In an interview on Oprah, Ted Kennedy's widow, Vicki, explicitly disclaimed any interested in running for her husband's Senate seat. Instead, after a quick reshuffling of Massachusetts law on the subject, Governor Deval Patrick appointed former DNC chair Paul Kirk to fill the post until a special election could be held.
It's interesting to note (albeit mainly for history geeks like myself :) ) that there was a time when Mrs. Kennedy, as the widow of the sitting senator, would've been the first choice to be an interim appointee. The second woman to sit in the US Senate was Hattie Caraway, who was originally just to be an interim appointment to fill the seat of her late husband, pursuant to tradition in the state she was from. She surprised everyone by running for the office in her own right the following year (1932). She not only won that but was also reelected in 1938.
Many subsequent female Senators also got in via the widow's walk. The widows of Huey Long (1936), Harlan Bushfield (1948), Hubert Humphrey (1978) and James Allen (1978) all got in that way while Jean Carnahan was appointed (2001) to fill the seat of her husband who had died just before the election, to late to be removed from the ballot (you may remember the enjoyable incident of John Ashcroft losing the election to a dead man). Many of the women who were appointed were generally short-term, even if they weren't the widows of sitting Senators.

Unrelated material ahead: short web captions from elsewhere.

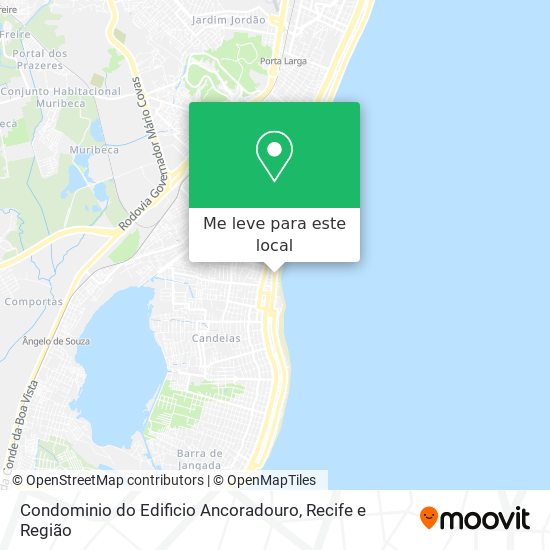 Condominio do Edificio Ancoradouro mapa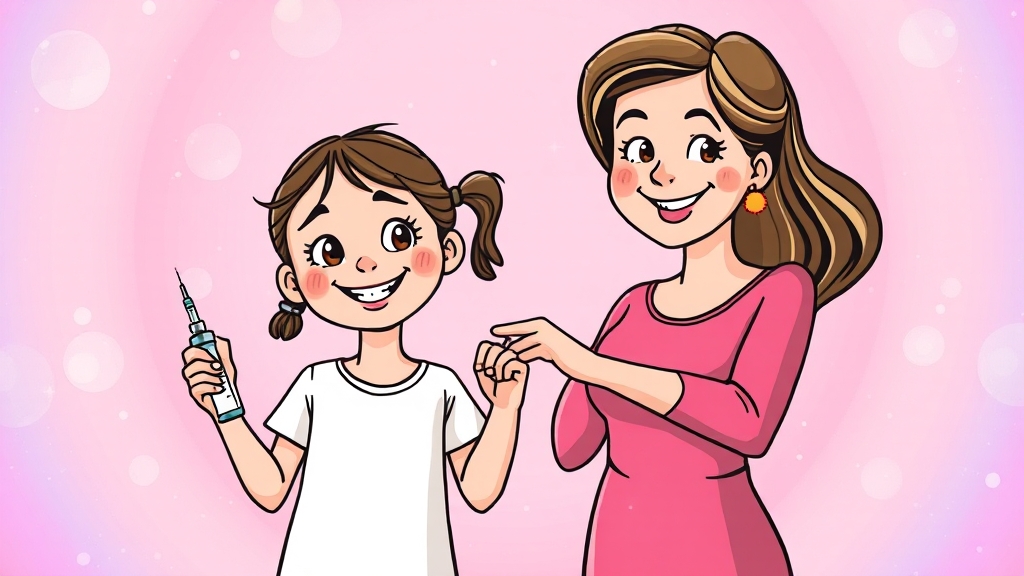 가다실9가, 언제 맞아야 할까? (cartoon 스타일)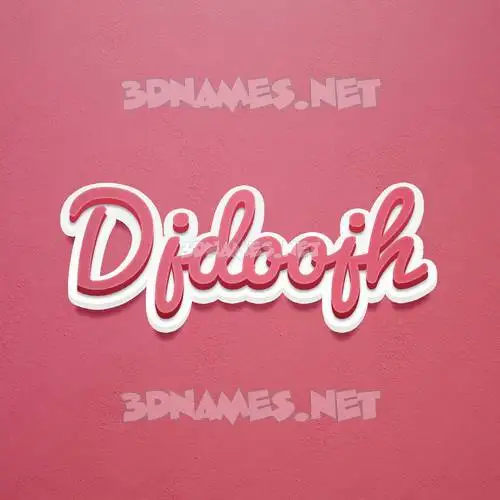 djdoojh in Red Scribble style - 3D name wallpaper djdoojh in Red Scribble style - 3D name wallpaper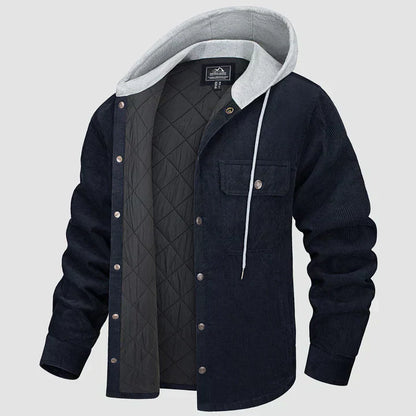 Warme Herrenjacke Gepolstert mit Kapuze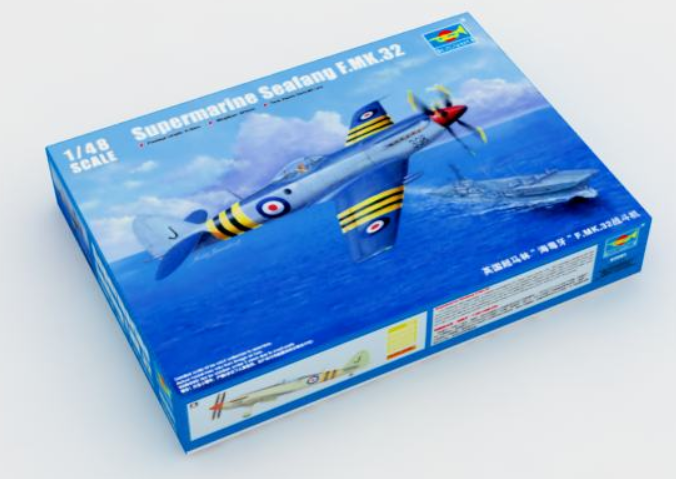 Supermarine Seafang F.Mk.32 1/48 Scale Trumpeter 02851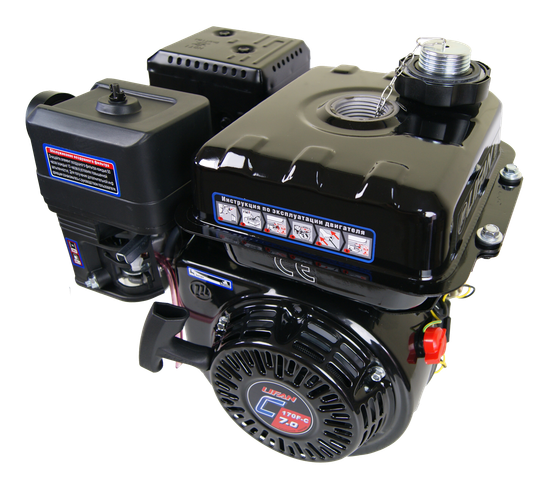 Двигатель бензиновый "LIFAN" 170F-C PRO 3А (7 л.с., катушка 3 А)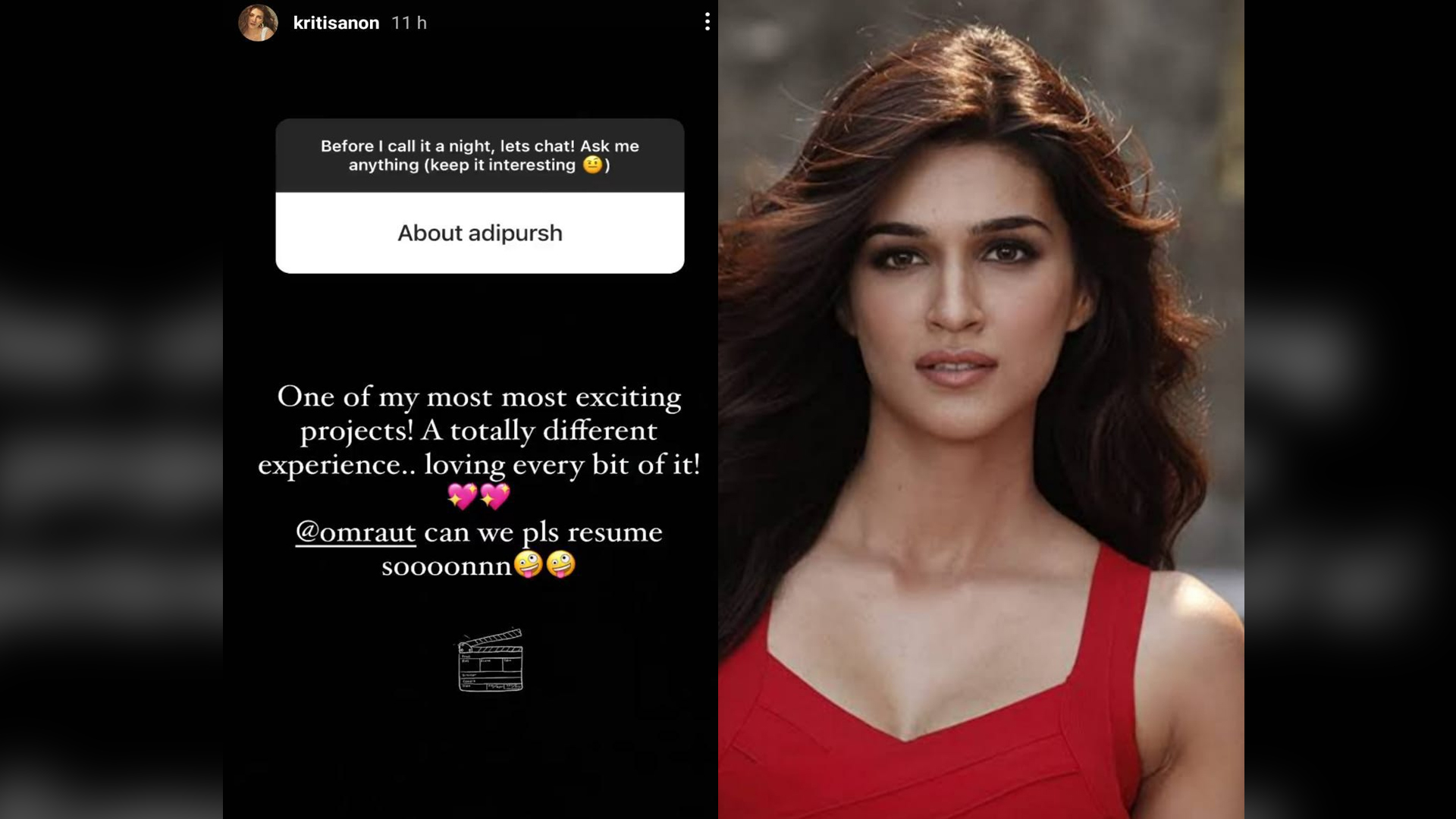 Kriti Sanon raises anticipation for Mimi, replies to a fan who asked about its release in an AMA session, find out below!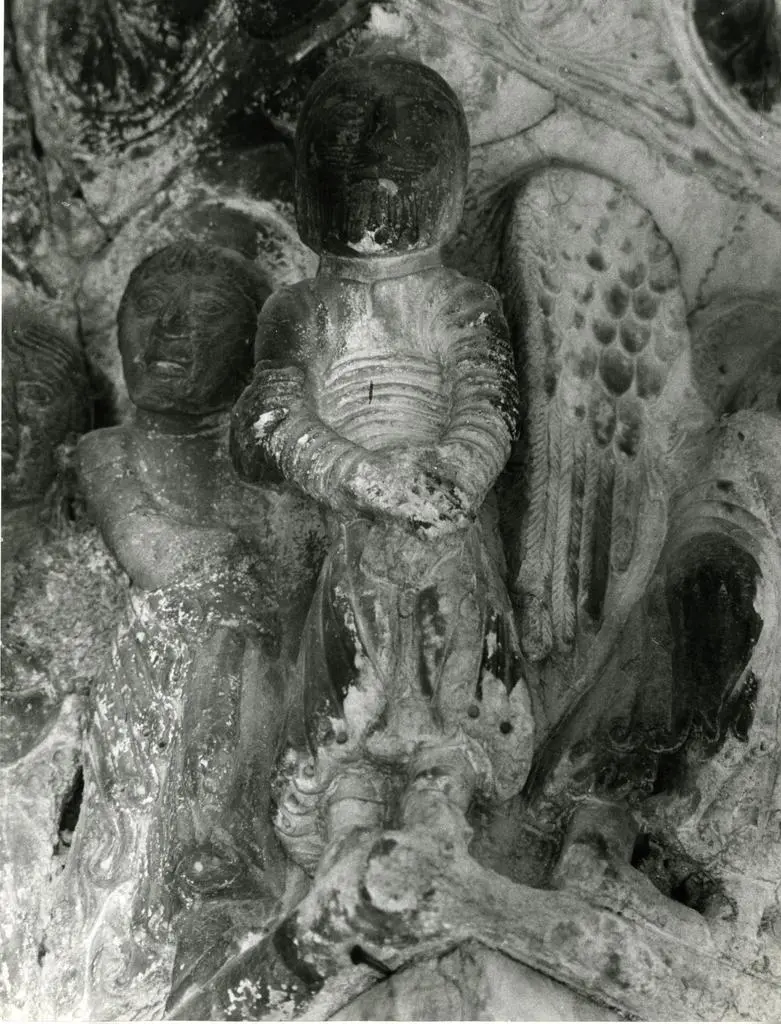 Anonimo , Capitello destro portale principale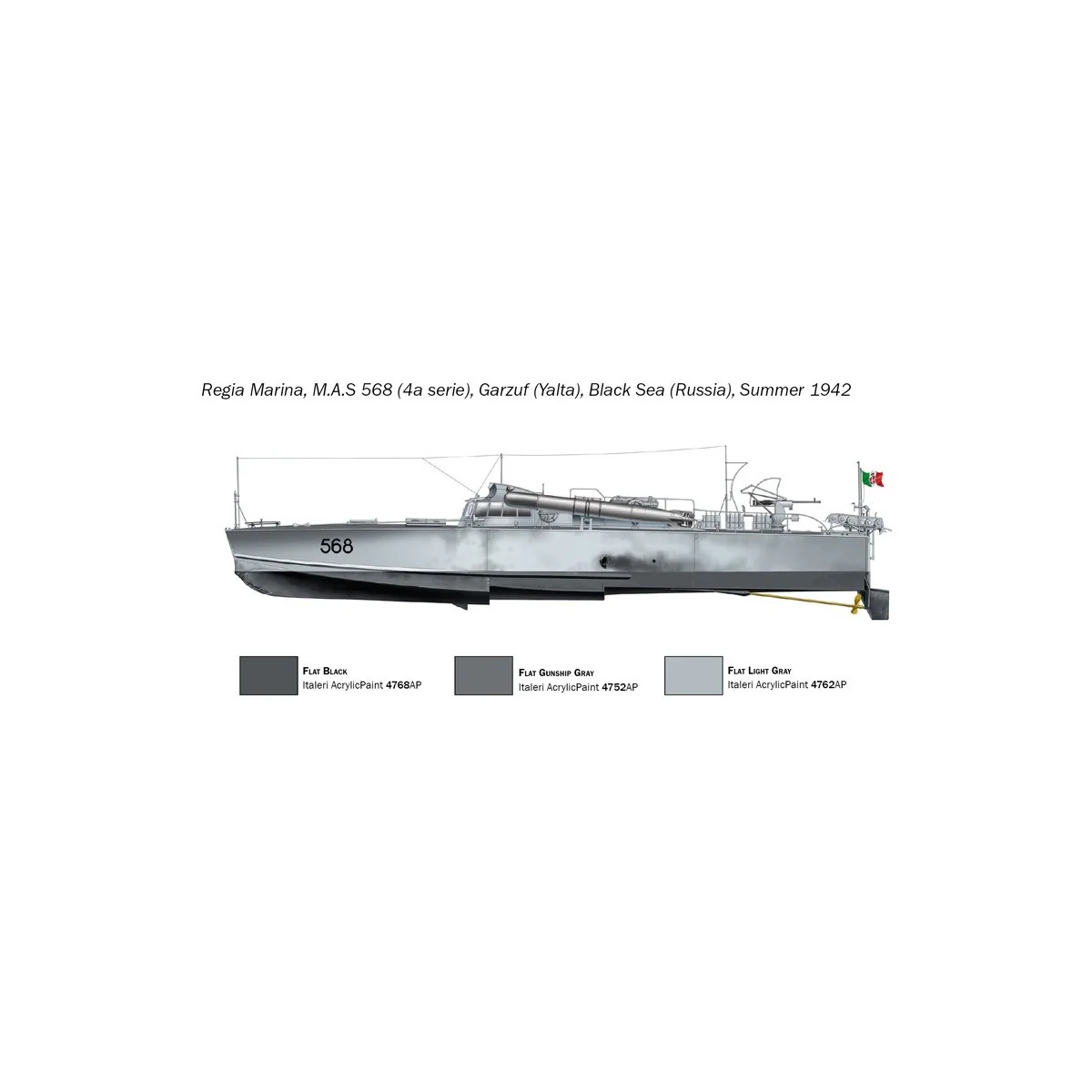 Boat M.A.S. 568 with Crew 1/35 Italeri Italeri I5626 - 4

Margaret Chase Smith was elected to the Senate in her own right but had started in the House of Representatives by succeeding her deceased husband. Likewise, 1992 became known as the "Year of the Woman" because of the surge in the number of woman Senators (to a whopping six!) that was occasioned by the response to the Clarence Thomas confirmation hearings. One might hope that the idea of women as being genuine electoral threats in their own right (beyond the periodic isolated case) has put paid to the idea of a widow as being a placeholder.